Top of Entries provided
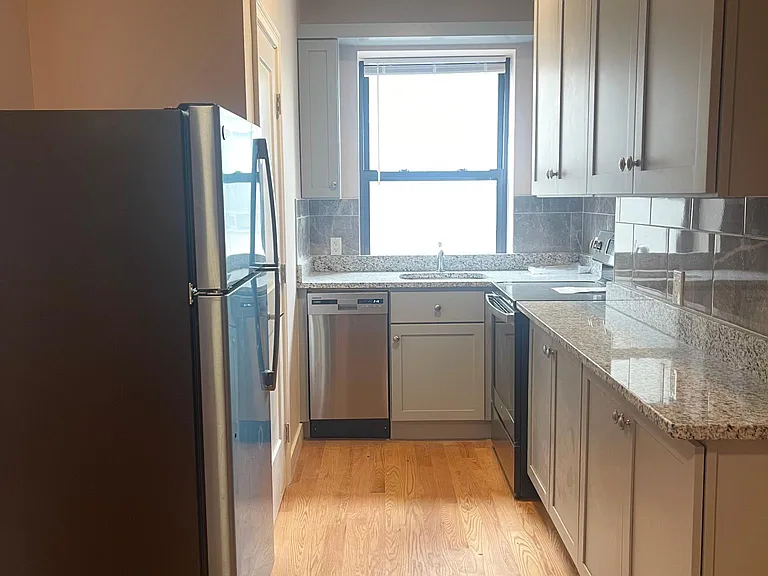 23 Hudson St #204 — Photo 5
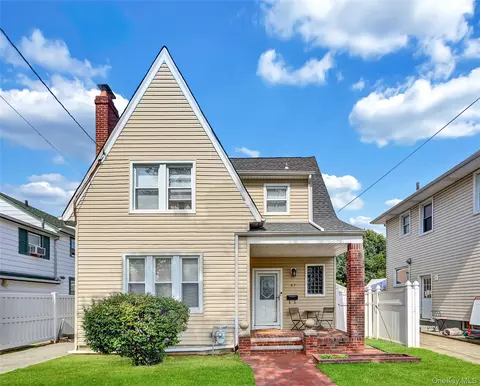 97 E Beverly Pkwy, Valley Stream, NY 11580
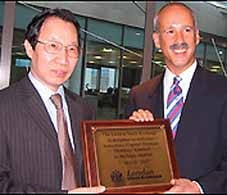 Đại sứ Việt Nam Trịnh Đức Dụ (trái)<br> và Giám đốc Indochina Capital Peter Ryder.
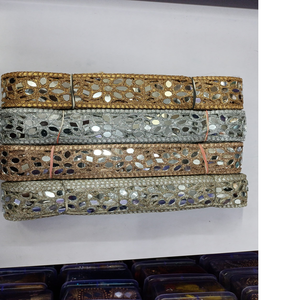 ริบบิ้นตกแต่งลายลูกไม้ทำจากผ้าโปร่งบางเป็นมิตรกับสิ่งแวดล้อมพร้อมกระจกปักดีไซน์รูปตาได้สี่สีกว้าง1.25นิ้ว - Product Image 1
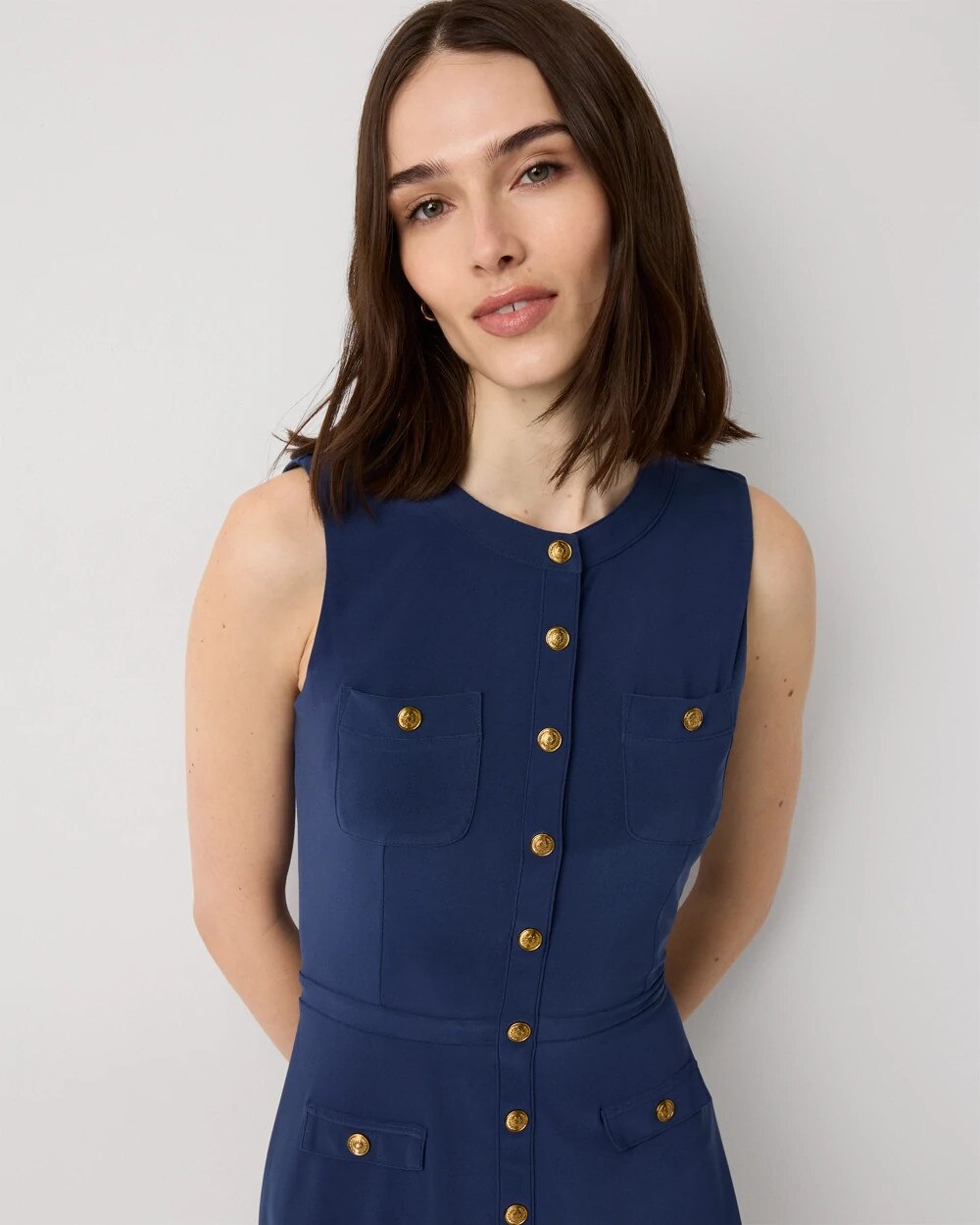 WHBM_SL20Crew20Nk20Bttn20Mini_570413001_BLU007205_OF_ALT202.jpeg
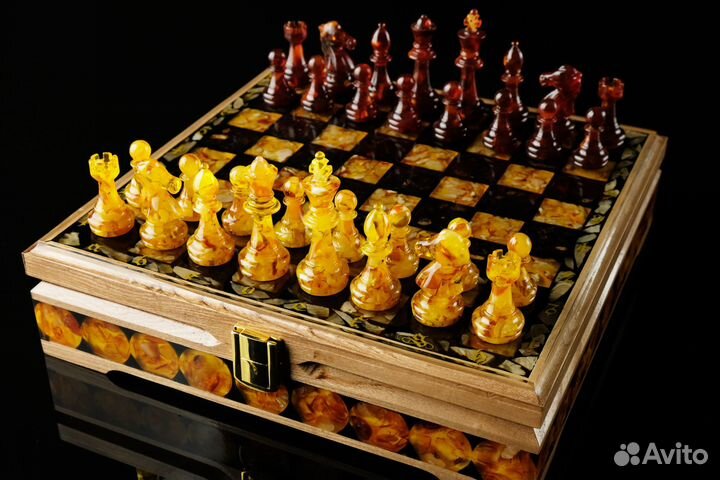 Янтарные шахматы. Шахматы из Янтаря. Янтарь. 00007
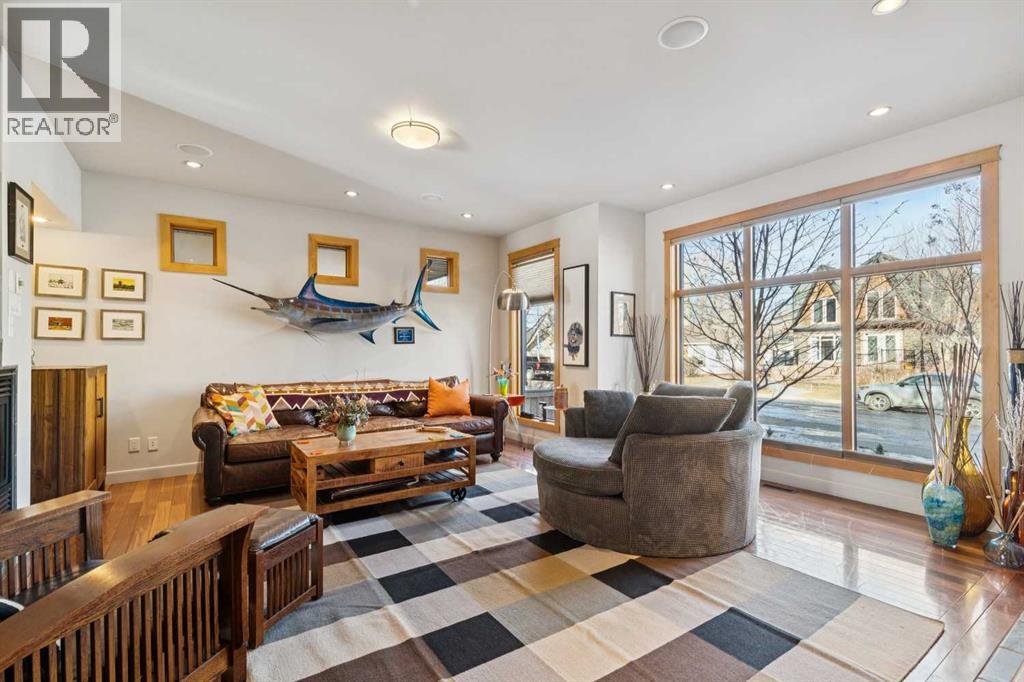 2407 Westmount Road Nw, Calgary, Alberta  T2N 3N9 - Photo 4 - A2288285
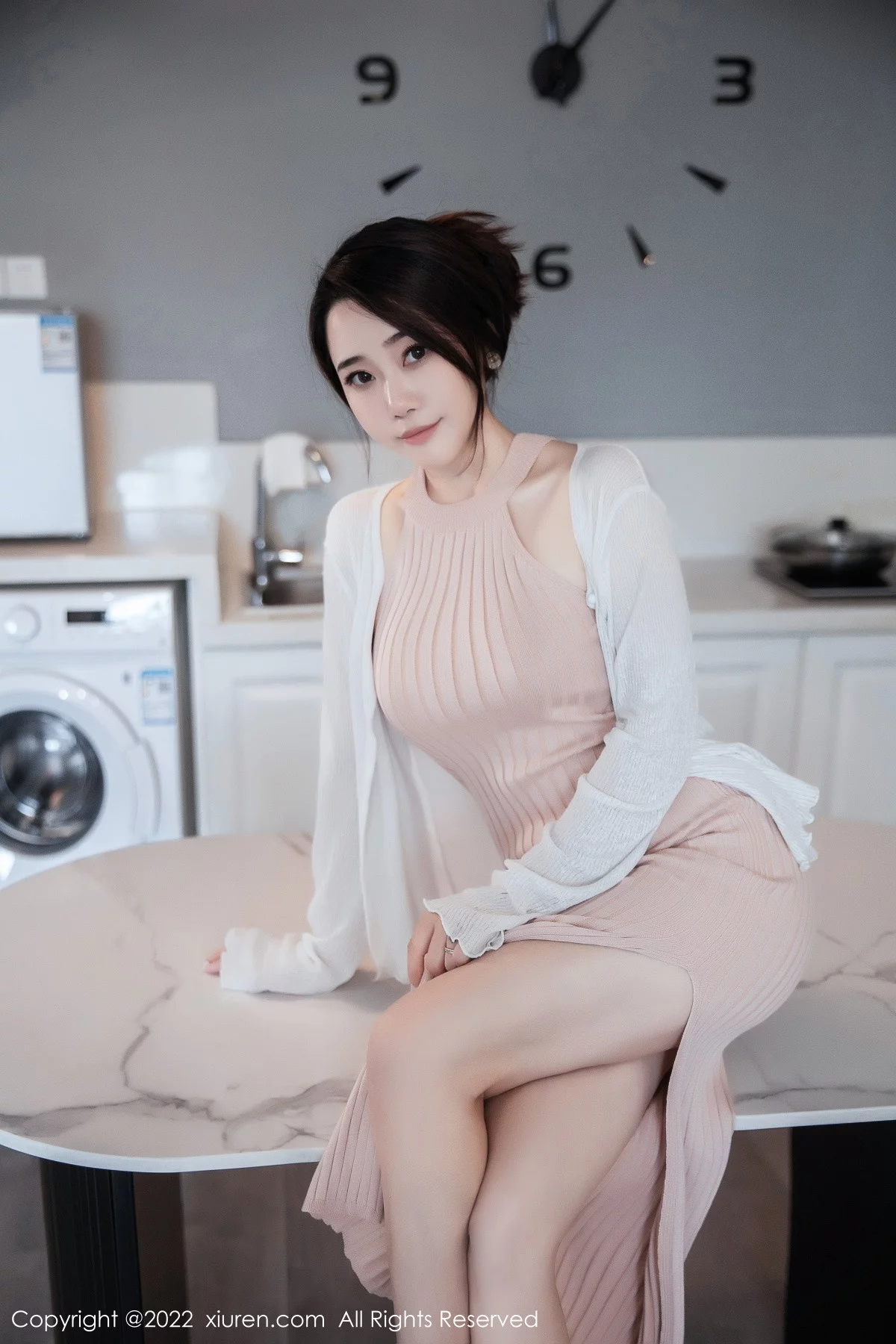 [[XiuRen秀人网]秀人网]No.6066_模特严利娅Yuliya性感粉色开叉连衣长裙秀白嫩美腿撩人诱惑写真55P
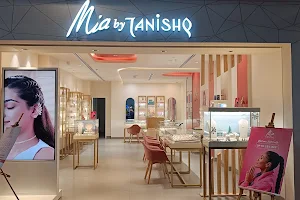 Mia by Tanishq - Bestech Square Mall, Mohali image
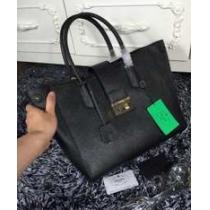 雰囲気を高めた 2026春夏 PRADA プラダ 手持ち&ショルダー掛け .68.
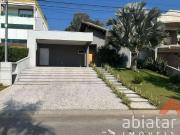Casa de 3 dormitórios com 560m² com vaga Jardim do Golf I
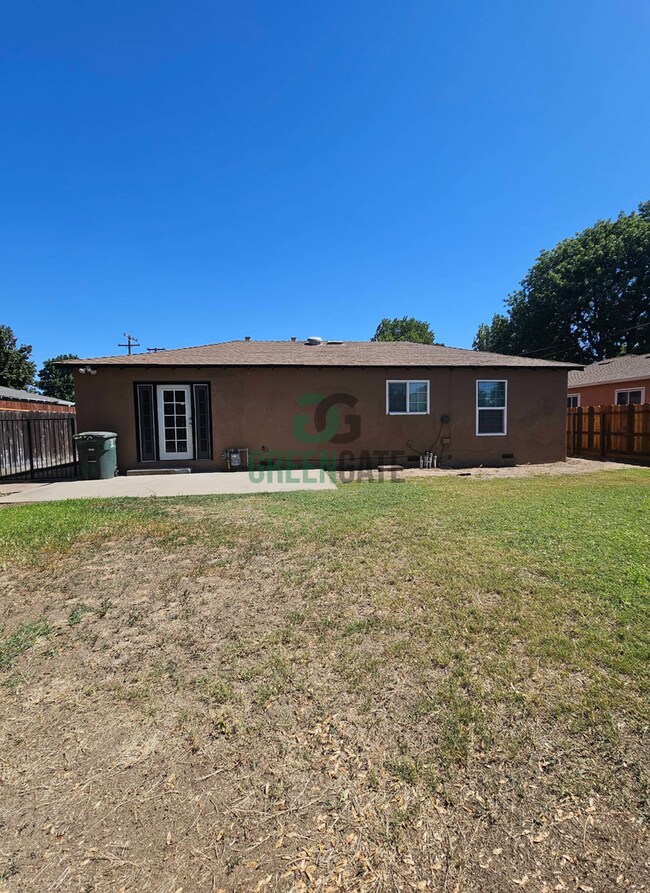 Building Photo - NOW AVAILABLE! 3 Bedroom, 1 Bathroom Home ...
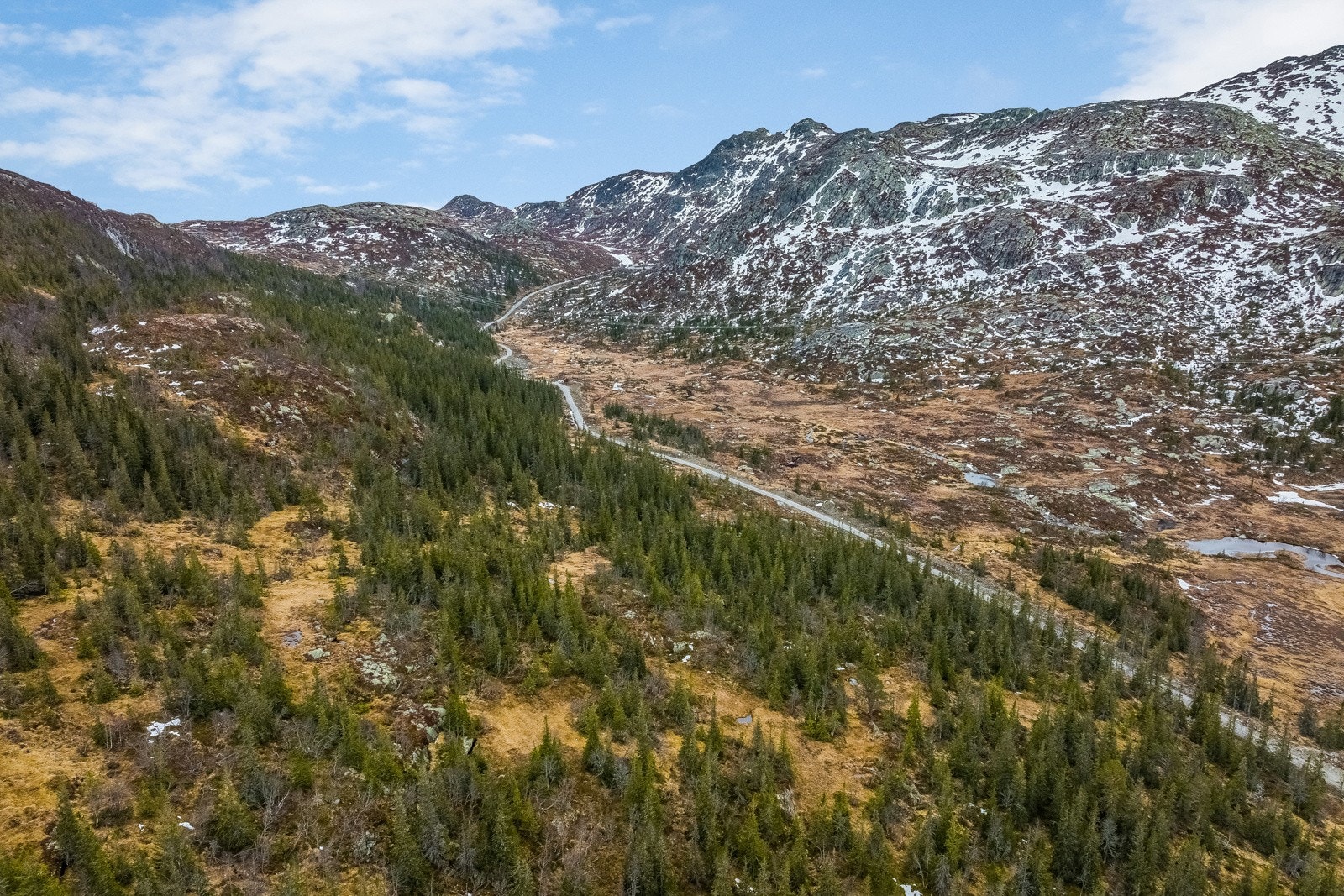 Dronefoto av Sløkjedalen hyttegrend per mai 2022 Galleribilde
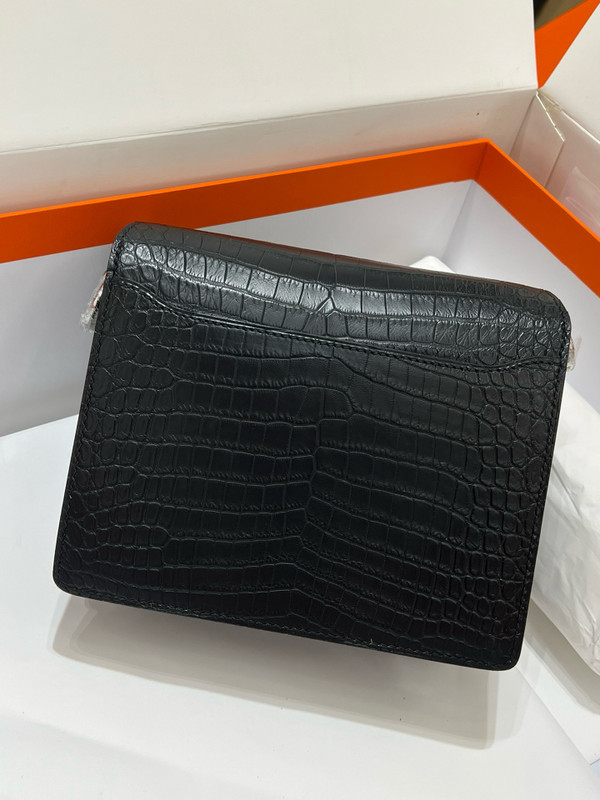 Hermes Noir Nile Crocodile PHW Roulis Mini 18/19 Handbag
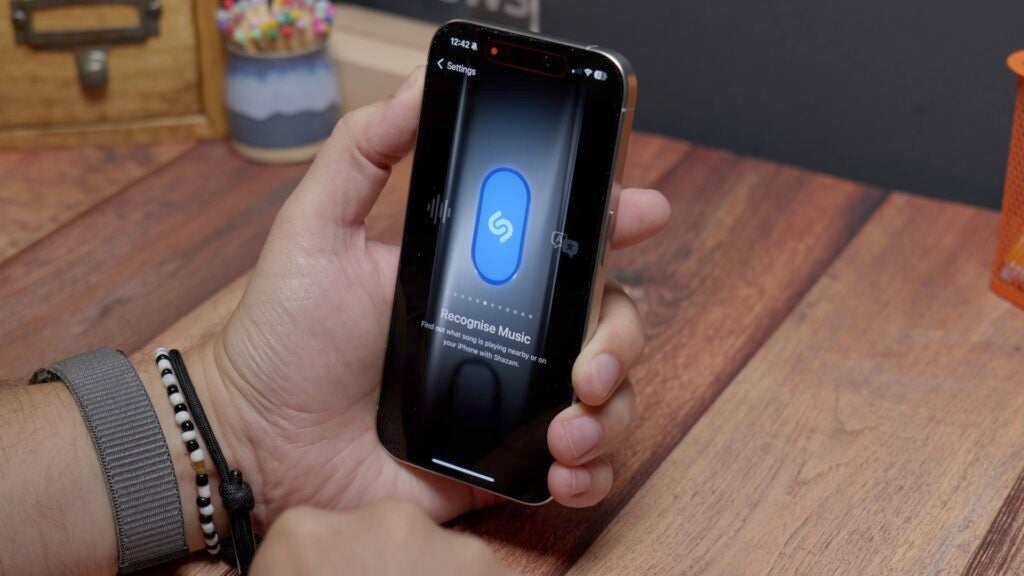 Reconocer música con Shazam usando el botón de acción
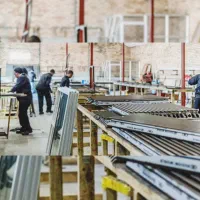 استخدام  نیرو در کارگاه پنجره دوجداره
Bottom of Entries provided
◆ What is needed: Copy out the entries verbatim and leave the images out.

◆ Task answer:
 23 Hudson St #204 — Photo 5
 97 E Beverly Pkwy, Valley Stream, NY 11580
 Đại sứ Việt Nam Trịnh Đức Dụ (trái)<br> và Giám đốc Indochina Capital Peter Ryder.
 ริบบิ้นตกแต่งลายลูกไม้ทำจากผ้าโปร่งบางเป็นมิตรกับสิ่งแวดล้อมพร้อมกระจกปักดีไซน์รูปตาได้สี่สีกว้าง1.25นิ้ว - Product Image 1
 WHBM_SL20Crew20Nk20Bttn20Mini_570413001_BLU007205_OF_ALT202.jpeg
 Янтарные шахматы. Шахматы из Янтаря. Янтарь. 00007
 2407 Westmount Road Nw, Calgary, Alberta  T2N 3N9 - Photo 4 - A2288285
 [[XiuRen秀人网]秀人网]No.6066_模特严利娅Yuliya性感粉色开叉连衣长裙秀白嫩美腿撩人诱惑写真55P
 Mia by Tanishq - Bestech Square Mall, Mohali image
 雰囲気を高めた 2026春夏 PRADA プラダ 手持ち&ショルダー掛け .68.
Casa de 3 dormitórios com 560m² com vaga Jardim do Golf I
 Building Photo - NOW AVAILABLE! 3 Bedroom, 1 Bathroom Home ...
 Dronefoto av Sløkjedalen hyttegrend per mai 2022 Galleribilde
 Hermes Noir Nile Crocodile PHW Roulis Mini 18/19 Handbag
 Reconocer música con Shazam usando el botón de acción
 استخدام  نیرو در کارگاه پنجره دوجداره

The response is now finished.